Sous cet angle, la souveraineté devient un critère de gouvernance, au même titre que la sécurité, la continuité d’activité ou la traçabilité.
Donner du poids à la conformité dans l’arbitrage
Pour peser réellement dans l’arbitrage, la conformité doit accepter le terrain de la décision, sans renoncer à son rôle.
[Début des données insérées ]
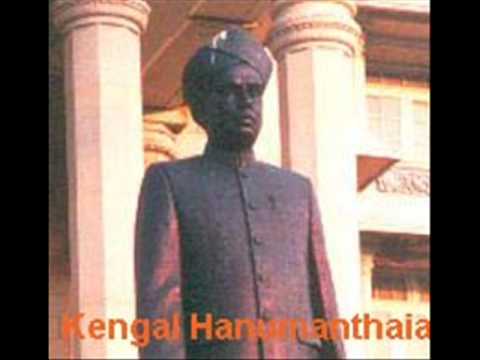 jaya bharata jananiya tanujate Kuvempu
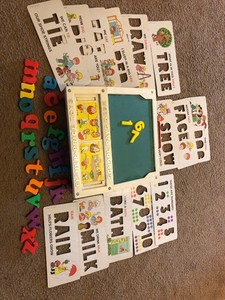 fisher price chalkboard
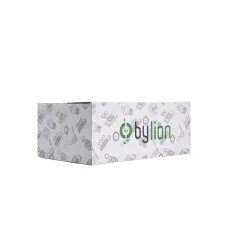 Bylion Monofaze Kauçuk Düz Dişi Fiş - 40'lı Paket
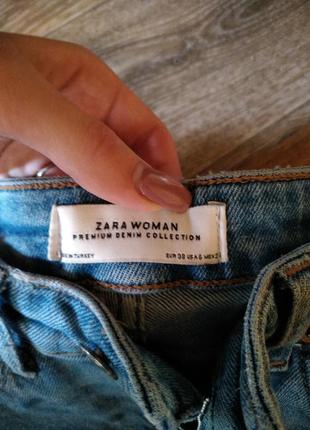 Женские джинсы фирмы zara premium5 фото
Elle ne doit pas proposer un veto. Elle doit proposer un cadre de lecture structuré, capable de rendre comparables des enjeux de nature différente. Une grille simple suffit souvent à changer la nature du débat :
Responsabilité
Qui porte la responsabilité en cas d’incident ou de demande réglementaire ?
Exposition juridique
À quels cadres juridiques l’organisation s’expose-t-elle réellement ?
Réversibilité
La sortie du fournisseur est-elle possible sans rupture majeure ?
Capacité de justification
Serons-nous capables d’expliquer et d’assumer ce choix dans plusieurs années ?
L’objectif n’est pas d’imposer une réponse. Il est de rendre visibles des risques absents de la discussion, de structurer l’arbitrage, et de documenter des choix qui devront être assumés dans le temps.
Ce que la conformité ne doit surtout pas faire
Pour rester audible et crédible, la conformité doit éviter certaines postures contre-productives :
le refus par principe,
la dramatisation,
le discours exclusivement juridique,
l’opposition frontale avec la performance.
La conformité ne décide pas à la place du business. Elle éclaire les décisions et en sécurise les conditions.
Assumer des choix imparfaits, mais conscients
Dans certains cas, un outil non souverain sera retenu. Pour des raisons opérationnelles parfaitement légitimes. Ce n’est pas un échec de la conformité.
La véritable fragilité apparaît lorsque les choix sont faits :
sans cadre,
sans analyse structurée,
sans documentation,
sans capacité d’explication dans le temps.
Un arbitrage imparfait (mais conscient) est toujours plus solide qu’une décision subie.
Ce qu’il faut retenir
La conformité ne peut plus se limiter à valider en bout de chaîne. Elle doit contribuer aux arbitrages structurants, en apportant une lecture du risque qui dépasse la performance immédiate.
Lorsqu’elle est abordée rationnellement, la souveraineté cesse d’être un sujet idéologique. Elle devient un levier de gouvernance et de responsabilité, au service de décisions plus robustes et assumées dans le temps.